> _THE PROBLEM_
Beginning with the line of the entries below that holds "rumah dalam rumput, Provence-Alpes-Côte" and ending with the line that holds "Unknown for 20", transcribe each line exactly as written. Pictures stay out.

> _GIVEN RECORDS_
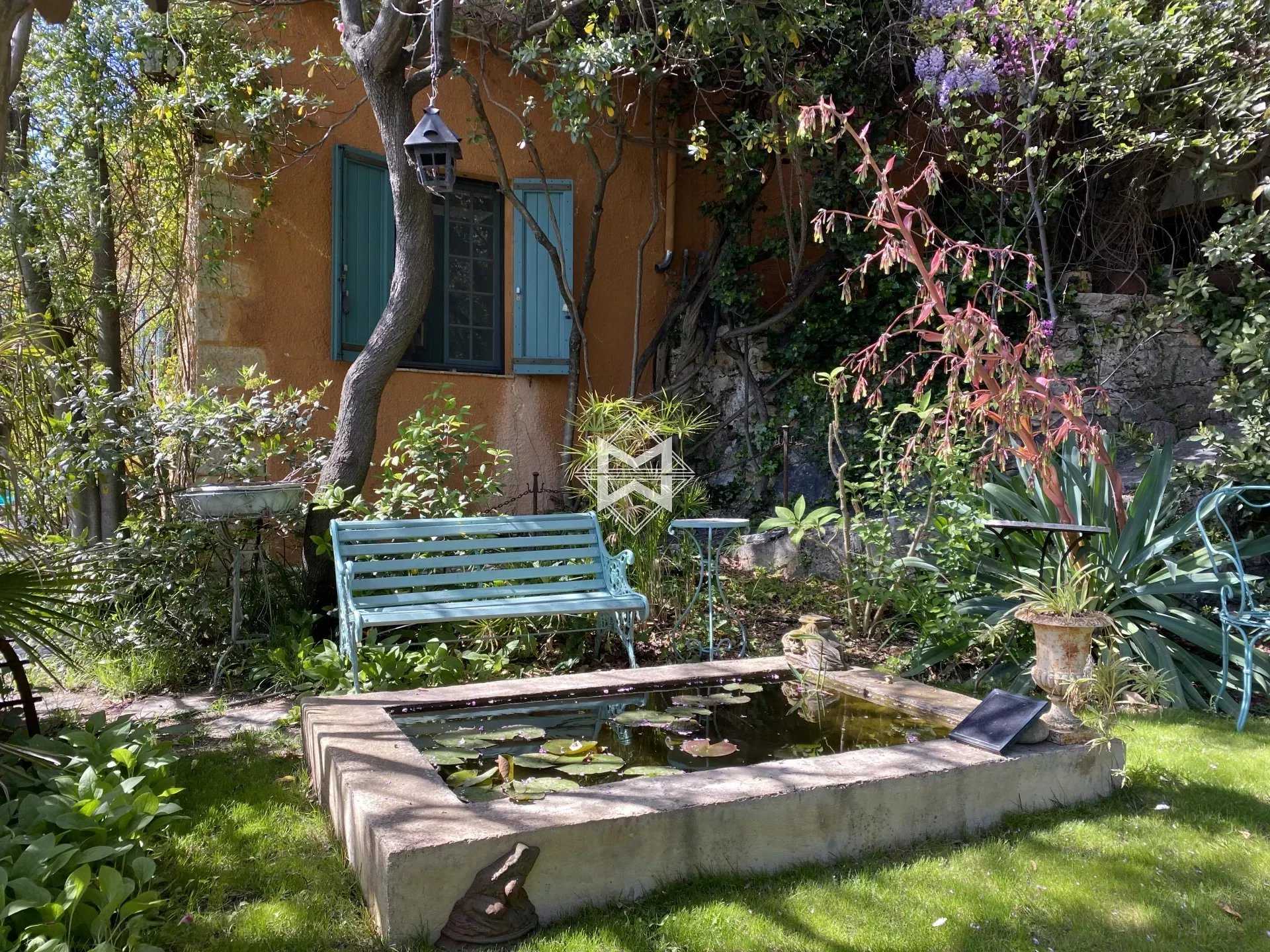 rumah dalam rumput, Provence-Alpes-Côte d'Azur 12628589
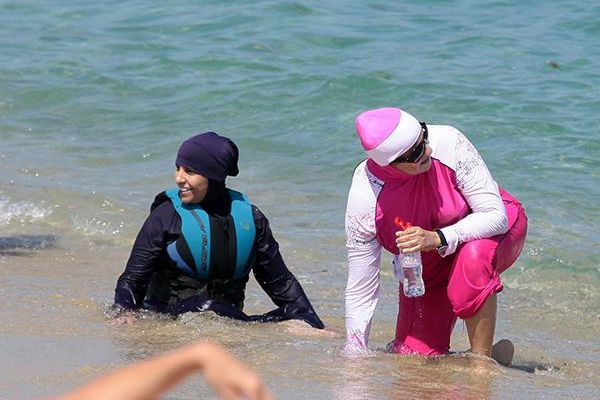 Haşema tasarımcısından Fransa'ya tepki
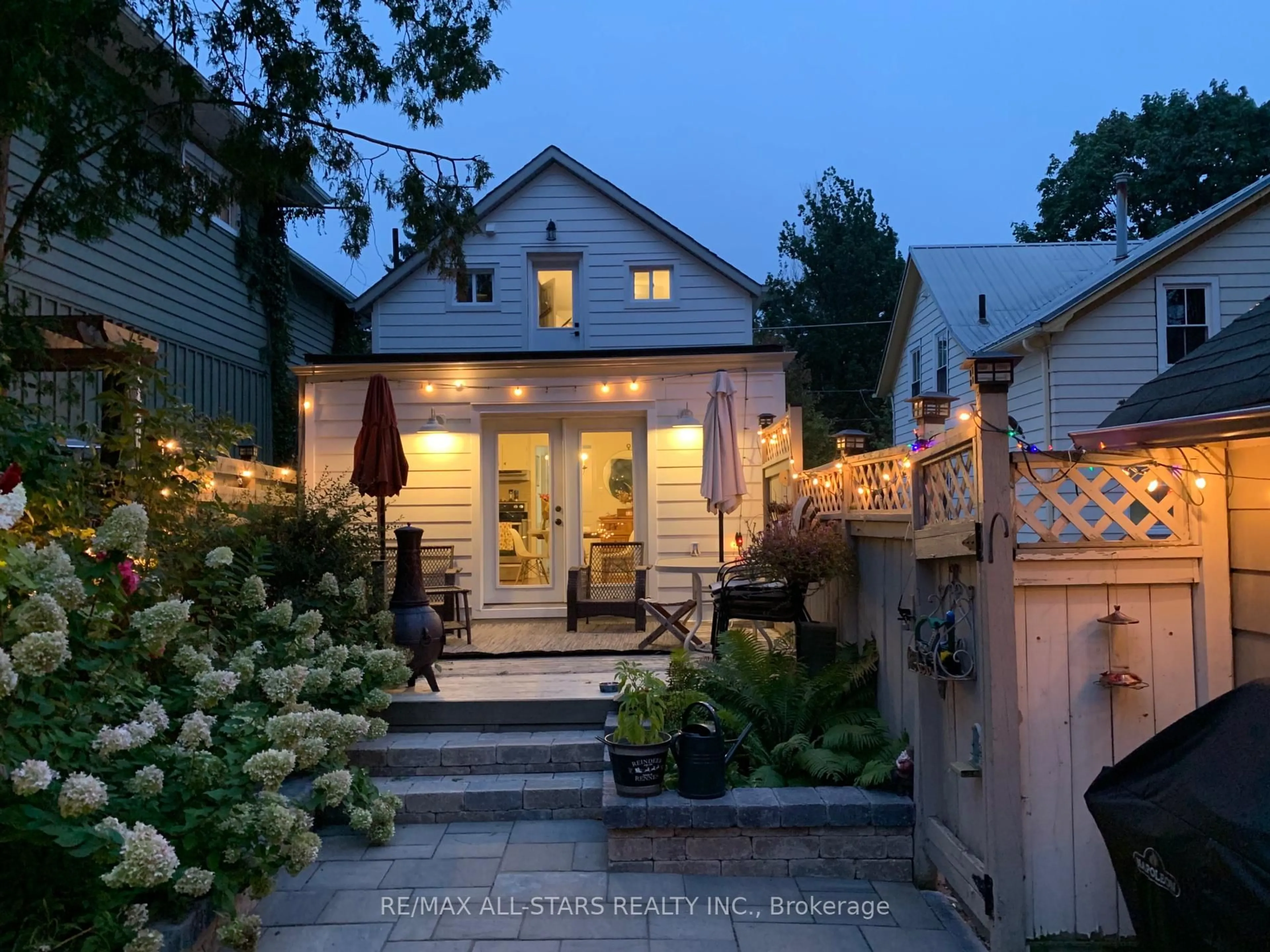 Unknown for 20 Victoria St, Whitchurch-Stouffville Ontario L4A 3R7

==

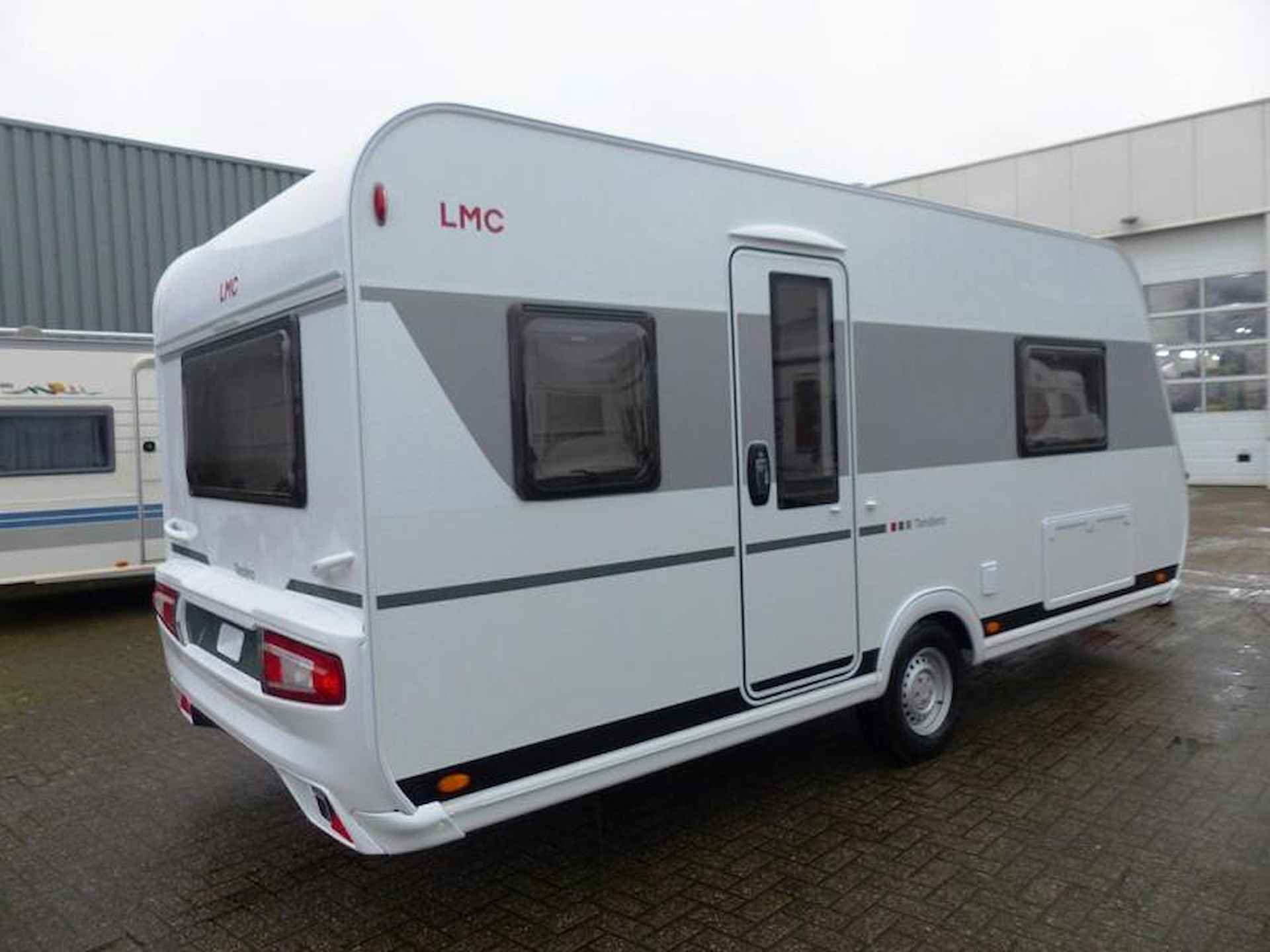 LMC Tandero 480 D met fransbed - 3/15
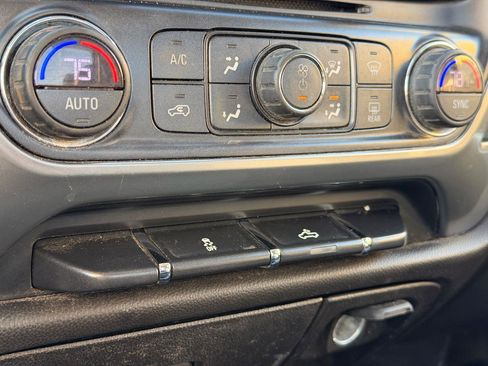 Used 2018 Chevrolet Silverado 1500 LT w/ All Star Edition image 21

* * *

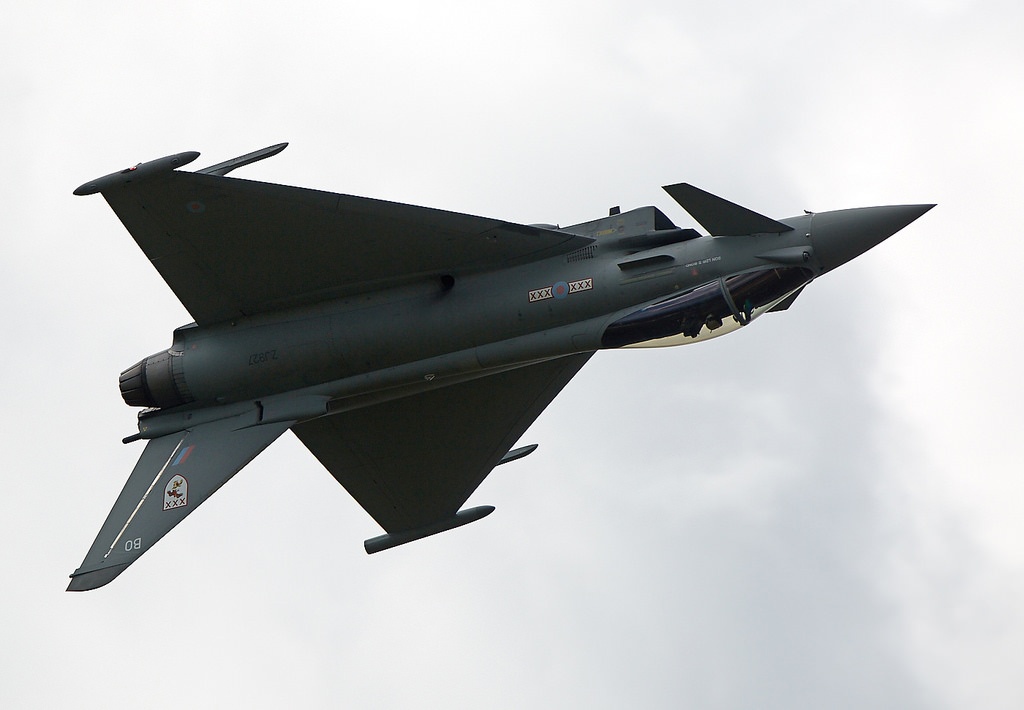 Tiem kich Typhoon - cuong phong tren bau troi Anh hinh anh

> _RESULT OF THIS EXERCISE_
 rumah dalam rumput, Provence-Alpes-Côte d'Azur 12628589
 Haşema tasarımcısından Fransa'ya tepki
 Unknown for 20 Victoria St, Whitchurch-Stouffville Ontario L4A 3R7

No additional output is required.